The 30 day rule is a rule, no getting away from it. But it’s only a temporary rule.
The rule is very simple. If you see something you want then wait 30 days before you buy it. Put the money it would cost into a savings account for those 30 days.
If you still want it in 30 days then feel free to go buy it. If you no longer want said item, keep the money in your savings account.
If you truly want to buy something after imposing a month long freeze then you can.
It’s no longer an impulse spend, one to be regretted when you get your credit card bill. Now it’s an item you know you really do want and will cherish it that much more for having waited 30 days.
Why Would You Want To Impose The 30 Day Rule?
The point of this not spending rule is to readjust your spending habits. So many of us these days spend without thinking then get a nasty surprise when our credit card bill arrives.
We don’t use the cash envelope system so we don’t see how our spending mounts up over the weeks and months. Until it’s too late and we’ve got debt.
When you spend impulsively, without giving careful thought to the item, price and your budget, you can blow your budget very quickly.
When you’ve got financial goals you are determined to achieve, anything you can do to change spendy habits into saver habits is a good thing.
The art of delayed gratification, as it is called, helps you understand your true priorities. It encourages you to question what you take for granted, why you spend as you spend.
As a result you will save more money than without the rule.
What Can You Gain?
It’s a win:win
I find it’s a great money challenge that is totally win:win. You win if you really want that item after 30 days because you’ve given yourself permission to buy it.
And you also win if you decide that you no longer want it because you’ve saved the price of that item and it’s now safely in your savings account.
It works so well because you are not depriving yourself in any way. Either you get to buy your longed for item and you’ll probably want it all the more for waiting a month.
Or you get to save an extra bit of money. Simple but effective.
You gain a sense of self satisfaction twice over.
- You gain when you successfully impose the 30 day rule and abide by it. After all 30 days is a long time to make yourself wait for something.
- After 30 days you either know you truly want that item and will treasure it that bit more.
Or you realize you didn’t want it and have saved a nice chunk of money instead.
Delaying your purchases by 30 days gives you time to consider whether it’s something you really do need, or whether in reality it’s just a want.
And whether you want it enough to still buy it when it’s no longer an impulse purchase but a well considered delayed purchase.
You get to say no to yourself, without any feelings of deprivation.
You could also try having no spend days.
How To Implement The 30 Day Rule
To be successful in applying this rule to your spending and getting the most from it, there are a few elements to it.
1. Note down all the details of the specific item you want to buy but are now going to wait 30 days for – if you do decide to buy it after 30 days you’ll know where to find it.
2. Put the exact amount this item costs into a separate savings account – this is what you will use to buy it after 30 days. If you still want it.
3. Make a note of the start and end dates of your 30 days.
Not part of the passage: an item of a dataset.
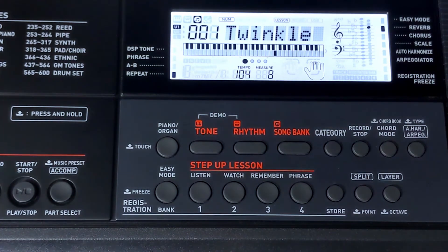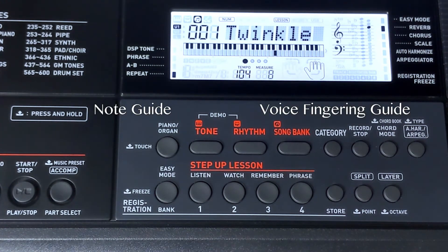The manual refers to these features as the note guide and the voice fingering guide respectively, and, as we'll discuss later, you can disable either or both of them if that's what you'd prefer.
4. Keep your notes someplace visible so you can consider those items during the following month.
5. Add further items to your list as they crop up – they will of course have different end dates to your first item.
6. After 30 days – make your decision. Are you going to buy it or keep the savings?
Thinking about the item/s is important because you can mull over it’s worthiness, how it will enhance your life, what you will use it for.
And perhaps what you could use instead or whether you really need it.
Word of warning. The 30 day rule doesn’t work if you can’t afford to buy the item you are hankering after.
The key point about imposing this rule is to get better at your money decision making. You can’t improve if you are going into debt for something that is clearly a want (and not a need).
Tips To Succeed With Your Plan
It can be hard to implement this impulse spending rule for everything you had previously just bought there and then. However you can help yourself and improve your ability to stick with it by adopting some of these ideas:
Don’t write down the items. If you can’t remember it after 30 days then it wasn’t a true want or need was it?
I know this is the opposite of advice above but can definitely work for those of us who are somewhat memory-challenged!
Shop online – fill your basket with what you would usually buy then click X in the top corner, shut down your browser and walk away.
Put the item/s on your birthday or Christmas list.
Don’t take money/cards out with you – that way you have to return home anyway and you can’t impulse buy.
If you are wanting to buy books, take a picture of it and check it out of the library.
The 30 Day Rule: How To Save (More) Money
So there you have it, the 30 day rule to curb impulse spending and increase your savings habit.
Saving money just got that bit easier.